Watching women walk in heels and flats fascinates me-the concrete kills my feet unless I’m wearing good walking sneakers. This is how I came to determine the best way to walk in the city:

Walking in the city requires a different center of gravity. Your pelvis needs to be more forward, while your shoulders need to lean back. Shoulders slumped forward make walking more painful on the legs, because your knees take more impact. Also, in order to walk as much as a Londoner, it’s imperative you take smaller, quicker steps. Long strides simply aren’t as efficient.

Purses should be lightweight; if you’re going to tote around more, get a backpack so the weight is centered. I’ve tried to switch which shoulder my purse is slung across, but that isn’t enough. It’s too much a habit to use one side, which has led to a crick in my right shoulder. Lots of people have backpacks, it’s too practical to be unfashionable.

Women can walk the streets alone and relatively unmolested. I’ve seen plenty of smartly dress women walking purposefully to their destination. I wouldn’t walk the streets alone after midnight, but during the day paranoia isn’t necessary. It’s built my sense of confidence to travel by myself. I honestly feel less safe on buses and on the Tube during the day than on the streets.
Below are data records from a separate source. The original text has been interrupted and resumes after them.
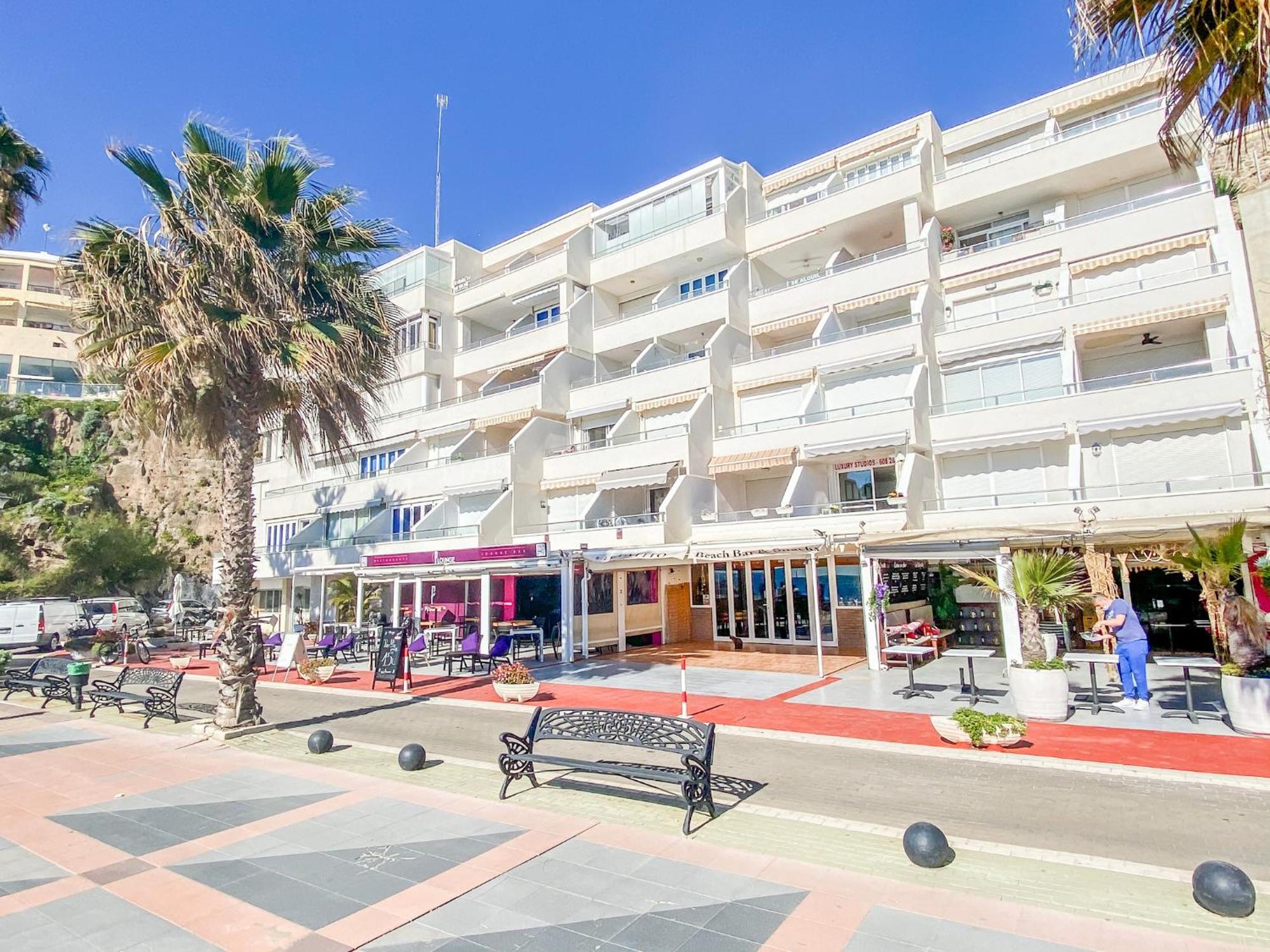 Roca Chica - Parking - Frente Playa - Terraza - Wifi - Bajondillo Y Carihuela Daire Torremolinos Dış mekan fotoğraf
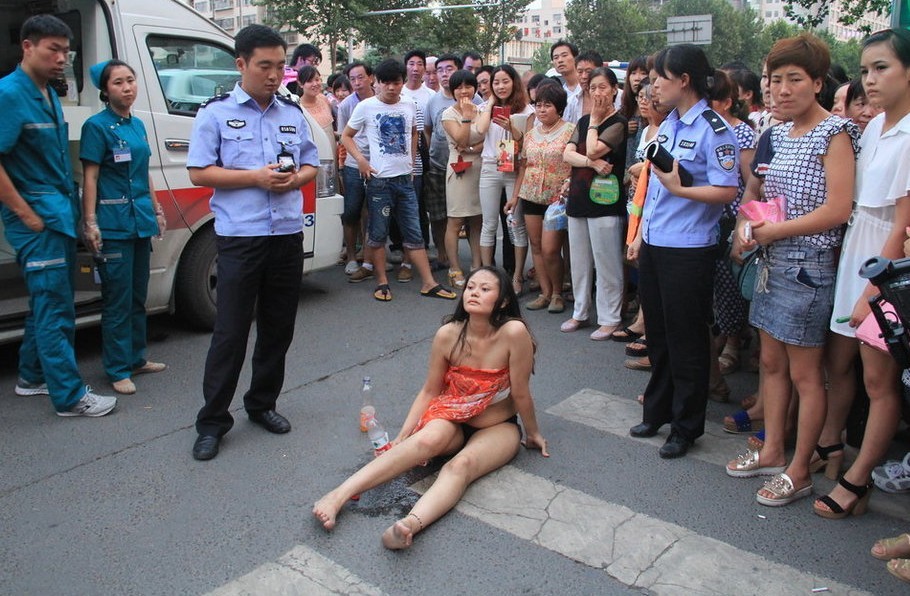 穿着暴露女与交警对峙 导致马路交通堵塞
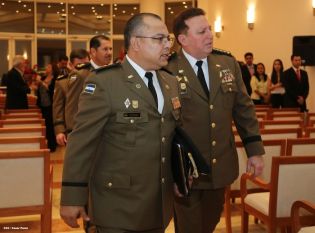 Daniel impone ascenso en grados al Inspector General y al Jefe del Estado Mayor del Ejército de Nicaragua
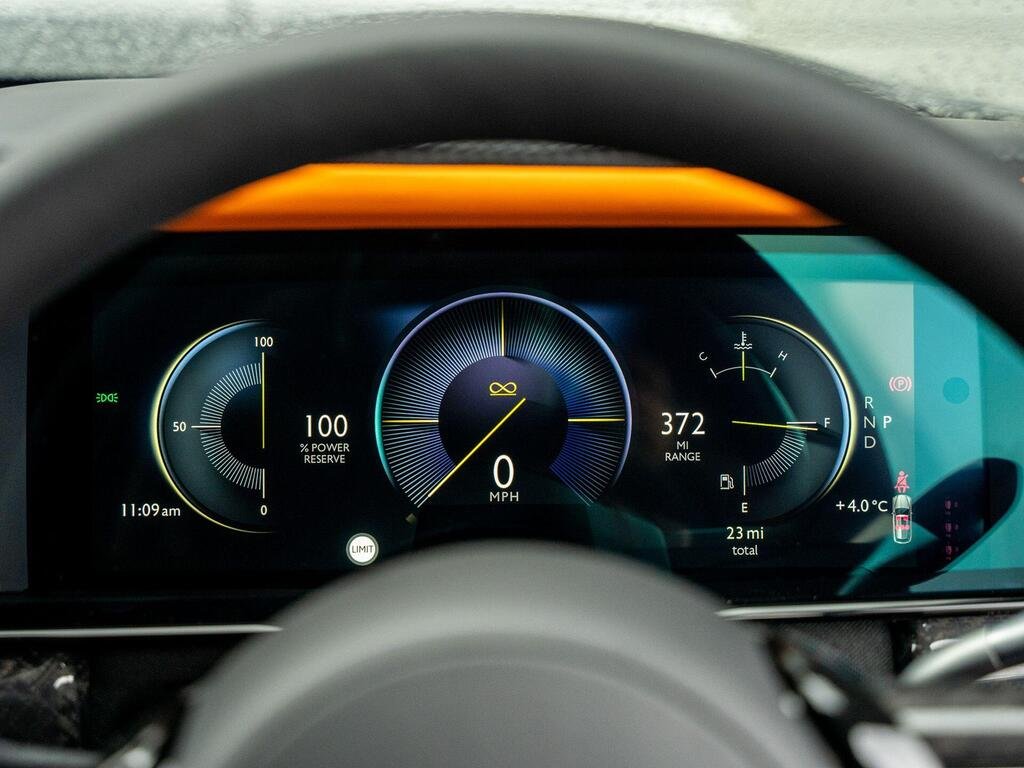 
								2025 Rolls Royce Cullinan Series II Black Badge full									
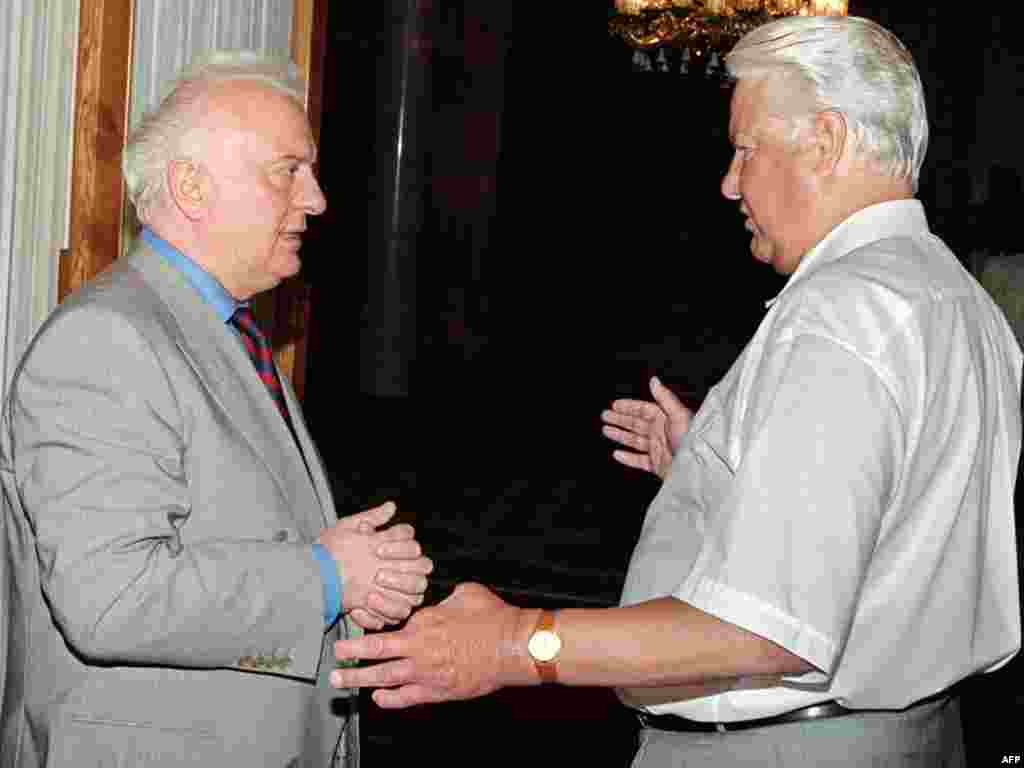 Gürji prezidenti Eduard Şewardnadze Russiýanyň lideri Boris Ýeltsin bilen. 1994 ý.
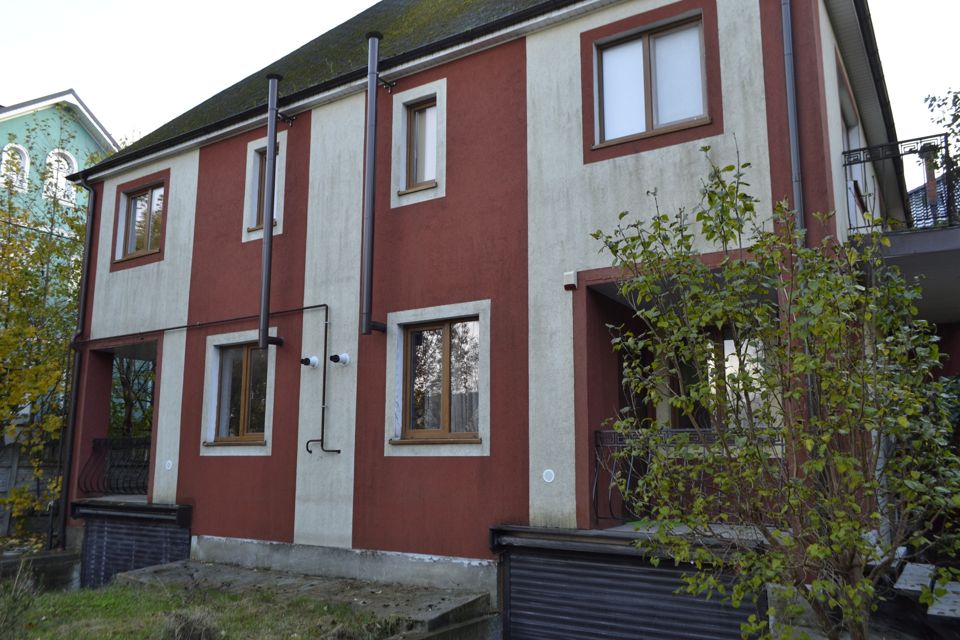 Продаётся 2-этажный дом, 324 м²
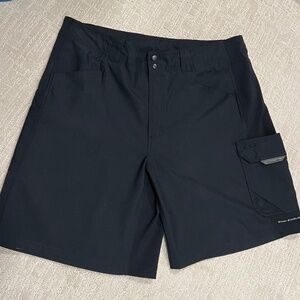 Columbia Men’s black shorts, size 40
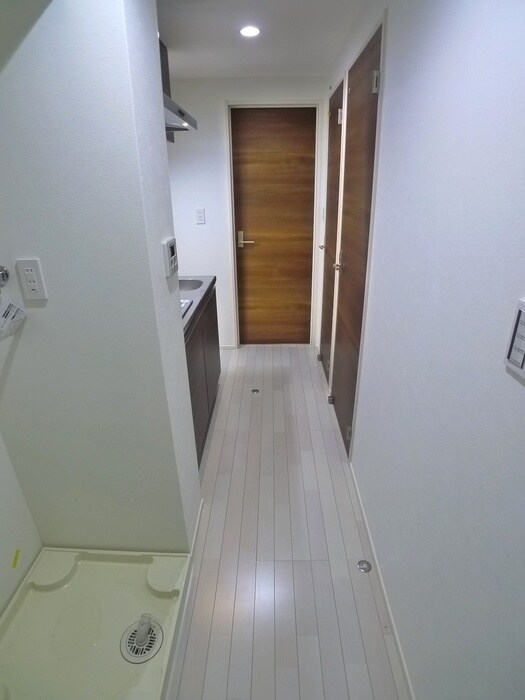 物件内観写真17　(廊下)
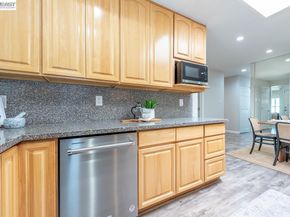 32432 Deborah Dr, Union City CA 94587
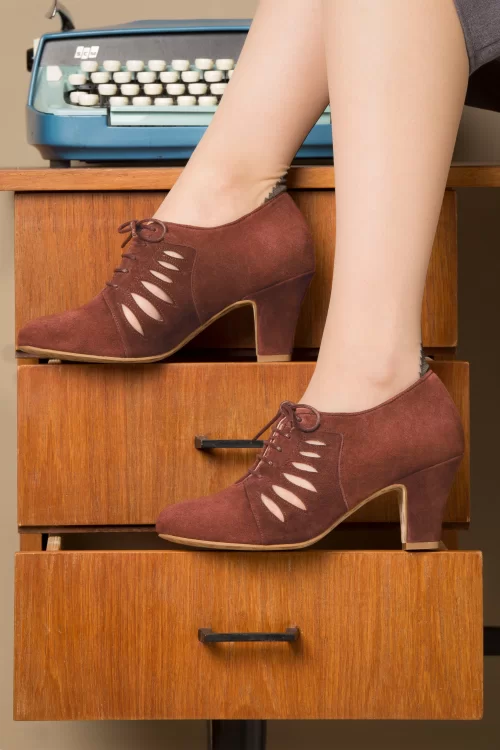 Lola Ramona ♥ Topvintage Ava In Charge pumps in kastanjebruin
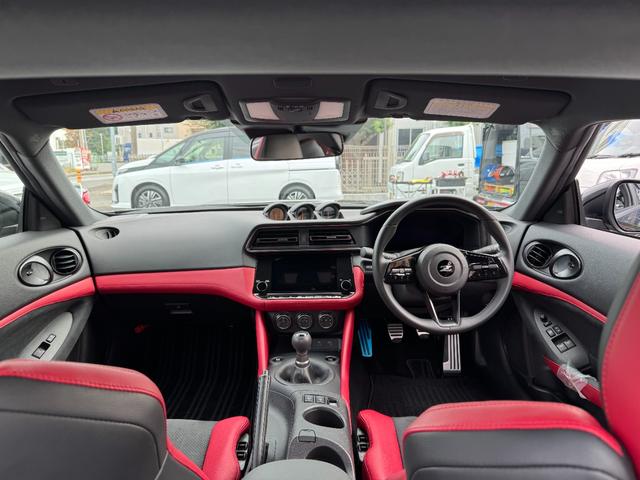 内装もブラック＆レッドでカッコいいです☆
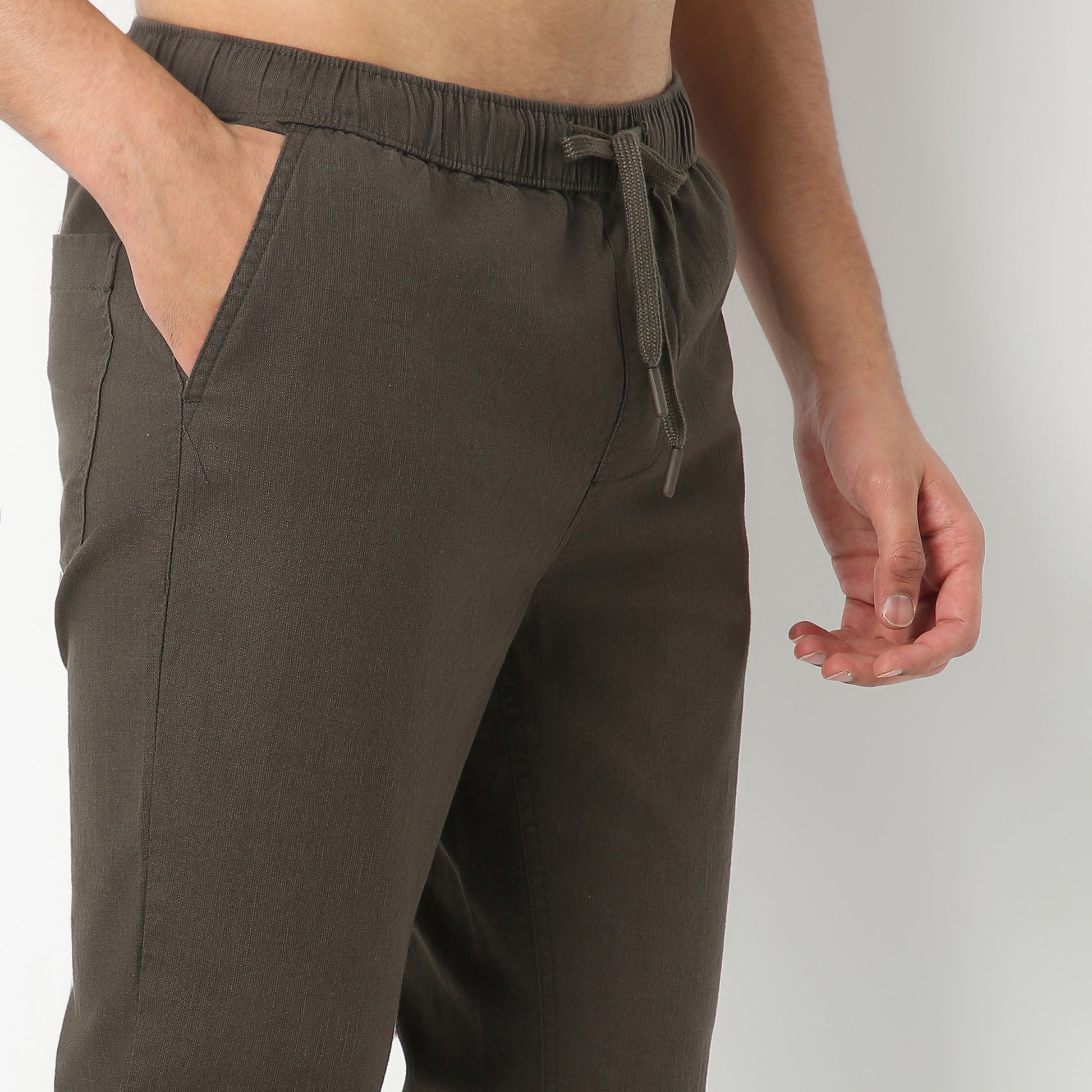 Regular Fit Solid Ankle Length Mid Rise Pants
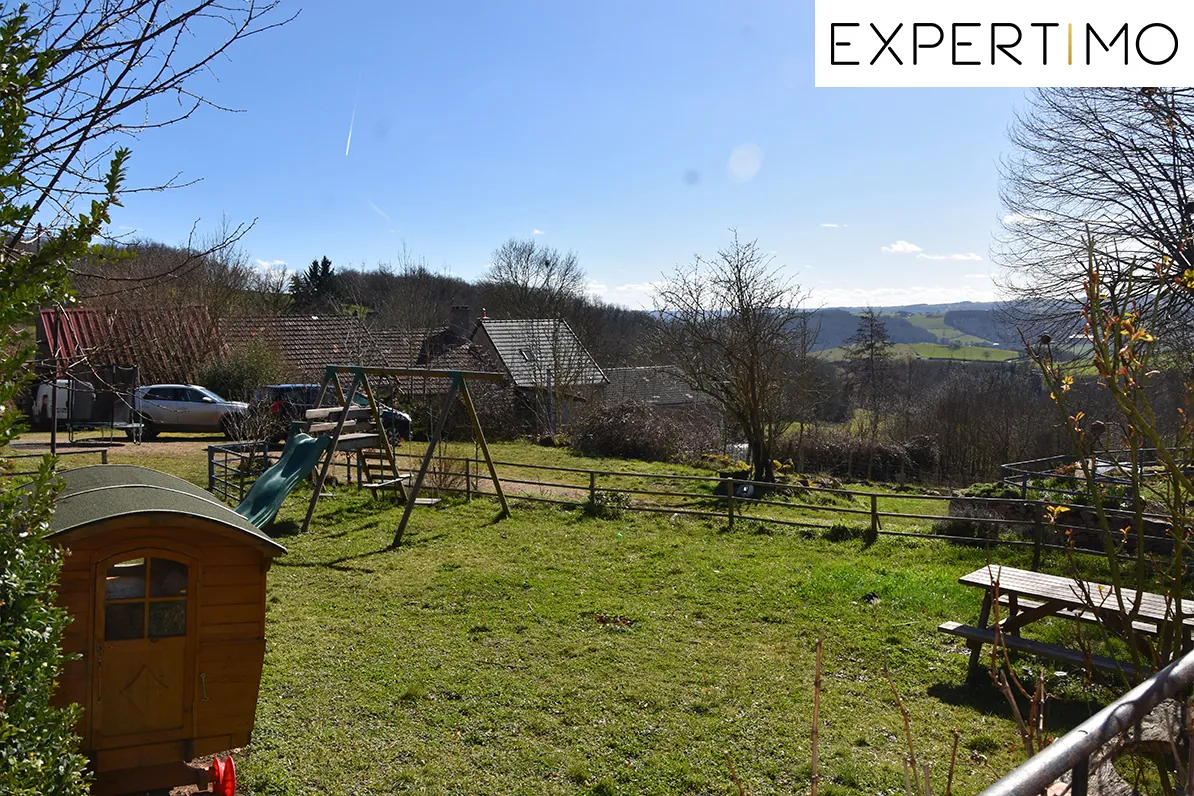 Maison à vendre à Servant de 200 m² avec dépendances et vue sur la vallée de la Sioule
Taking the Tube was an adventure; it’s a skill to navigate the different lines. However they are dirty, and sitting on a Tube is passive travel. Navigating the streets is active. Learning how to cross roads, maneuver through sidewalk traffic and figure out which streets to take stimulates instead of dulls the brain. Getting out and walking makes me feel less of a tourist and more the explorer; less the passive viewer and more a seeker of knowledge. I don’t expect to know the city by the time I leave, but what I do know of London’s streets will come from walking.